===== Exercise data

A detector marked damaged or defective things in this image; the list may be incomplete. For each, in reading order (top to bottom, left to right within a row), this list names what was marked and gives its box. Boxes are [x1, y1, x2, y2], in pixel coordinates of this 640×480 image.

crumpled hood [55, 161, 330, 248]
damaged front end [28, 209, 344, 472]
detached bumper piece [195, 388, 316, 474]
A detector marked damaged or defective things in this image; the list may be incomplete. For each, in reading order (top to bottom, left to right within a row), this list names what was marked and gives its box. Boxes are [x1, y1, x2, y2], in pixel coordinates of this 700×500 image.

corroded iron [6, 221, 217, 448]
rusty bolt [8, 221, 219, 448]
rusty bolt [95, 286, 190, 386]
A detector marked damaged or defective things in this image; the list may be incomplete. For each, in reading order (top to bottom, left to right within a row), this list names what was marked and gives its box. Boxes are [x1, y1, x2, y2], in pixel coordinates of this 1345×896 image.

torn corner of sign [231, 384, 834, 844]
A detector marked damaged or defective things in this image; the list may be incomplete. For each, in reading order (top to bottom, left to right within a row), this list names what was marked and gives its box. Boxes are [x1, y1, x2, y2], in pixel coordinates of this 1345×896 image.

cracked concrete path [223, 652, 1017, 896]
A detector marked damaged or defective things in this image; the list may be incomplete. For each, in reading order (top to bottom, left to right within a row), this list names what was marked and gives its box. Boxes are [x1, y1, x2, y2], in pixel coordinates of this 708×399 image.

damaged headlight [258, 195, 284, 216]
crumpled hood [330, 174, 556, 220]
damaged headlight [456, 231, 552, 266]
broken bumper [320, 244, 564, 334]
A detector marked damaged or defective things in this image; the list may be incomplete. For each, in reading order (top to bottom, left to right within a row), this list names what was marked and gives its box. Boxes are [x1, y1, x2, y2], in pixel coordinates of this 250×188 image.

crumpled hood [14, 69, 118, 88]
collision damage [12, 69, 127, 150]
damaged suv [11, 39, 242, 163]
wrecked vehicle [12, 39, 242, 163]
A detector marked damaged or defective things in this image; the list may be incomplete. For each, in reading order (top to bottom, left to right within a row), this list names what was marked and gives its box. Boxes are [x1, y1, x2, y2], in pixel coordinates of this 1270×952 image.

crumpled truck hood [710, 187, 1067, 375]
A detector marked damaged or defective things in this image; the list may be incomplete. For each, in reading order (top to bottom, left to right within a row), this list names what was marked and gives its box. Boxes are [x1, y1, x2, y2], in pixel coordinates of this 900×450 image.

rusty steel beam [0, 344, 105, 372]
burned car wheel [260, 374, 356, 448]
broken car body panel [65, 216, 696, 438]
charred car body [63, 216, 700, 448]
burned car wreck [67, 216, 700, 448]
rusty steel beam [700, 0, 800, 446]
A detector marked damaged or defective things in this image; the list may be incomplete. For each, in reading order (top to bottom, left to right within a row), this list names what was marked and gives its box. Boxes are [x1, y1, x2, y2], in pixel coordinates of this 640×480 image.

==========

__What you have to do__. Return the data exactly, every line included.

__Response area__.
A detector marked damaged or defective things in this image; the list may be incomplete. For each, in reading order (top to bottom, left to right within a row), this list names what was marked and gives its box. Boxes are [x1, y1, x2, y2], in pixel coordinates of this 640×480 image.

crumpled hood [55, 161, 330, 248]
damaged front end [28, 209, 344, 472]
detached bumper piece [195, 388, 316, 474]
A detector marked damaged or defective things in this image; the list may be incomplete. For each, in reading order (top to bottom, left to right within a row), this list names what was marked and gives its box. Boxes are [x1, y1, x2, y2], in pixel coordinates of this 700×500 image.

corroded iron [6, 221, 217, 448]
rusty bolt [8, 221, 219, 448]
rusty bolt [95, 286, 190, 386]
A detector marked damaged or defective things in this image; the list may be incomplete. For each, in reading order (top to bottom, left to right within a row), this list names what was marked and gives its box. Boxes are [x1, y1, x2, y2], in pixel coordinates of this 1345×896 image.

torn corner of sign [231, 384, 834, 844]
A detector marked damaged or defective things in this image; the list may be incomplete. For each, in reading order (top to bottom, left to right within a row), this list names what was marked and gives its box. Boxes are [x1, y1, x2, y2], in pixel coordinates of this 1345×896 image.

cracked concrete path [223, 652, 1017, 896]
A detector marked damaged or defective things in this image; the list may be incomplete. For each, in reading order (top to bottom, left to right within a row), this list names what was marked and gives its box. Boxes are [x1, y1, x2, y2], in pixel coordinates of this 708×399 image.

damaged headlight [258, 195, 284, 216]
crumpled hood [330, 174, 556, 220]
damaged headlight [456, 231, 552, 266]
broken bumper [320, 244, 564, 334]
A detector marked damaged or defective things in this image; the list may be incomplete. For each, in reading order (top to bottom, left to right within a row), this list names what was marked and gives its box. Boxes are [x1, y1, x2, y2], in pixel coordinates of this 250×188 image.

crumpled hood [14, 69, 118, 88]
collision damage [12, 69, 127, 150]
damaged suv [11, 39, 242, 163]
wrecked vehicle [12, 39, 242, 163]
A detector marked damaged or defective things in this image; the list may be incomplete. For each, in reading order (top to bottom, left to right within a row), this list names what was marked and gives its box. Boxes are [x1, y1, x2, y2], in pixel coordinates of this 1270×952 image.

crumpled truck hood [710, 187, 1067, 375]
A detector marked damaged or defective things in this image; the list may be incomplete. For each, in reading order (top to bottom, left to right within a row), this list names what was marked and gives its box. Boxes are [x1, y1, x2, y2], in pixel coordinates of this 900×450 image.

rusty steel beam [0, 344, 105, 372]
burned car wheel [260, 374, 356, 448]
broken car body panel [65, 216, 696, 438]
charred car body [63, 216, 700, 448]
burned car wreck [67, 216, 700, 448]
rusty steel beam [700, 0, 800, 446]
A detector marked damaged or defective things in this image; the list may be incomplete. For each, in reading order (top to bottom, left to right within a row), this list names what was marked and gives its box. Boxes are [x1, y1, x2, y2], in pixel coordinates of this 640×480 image.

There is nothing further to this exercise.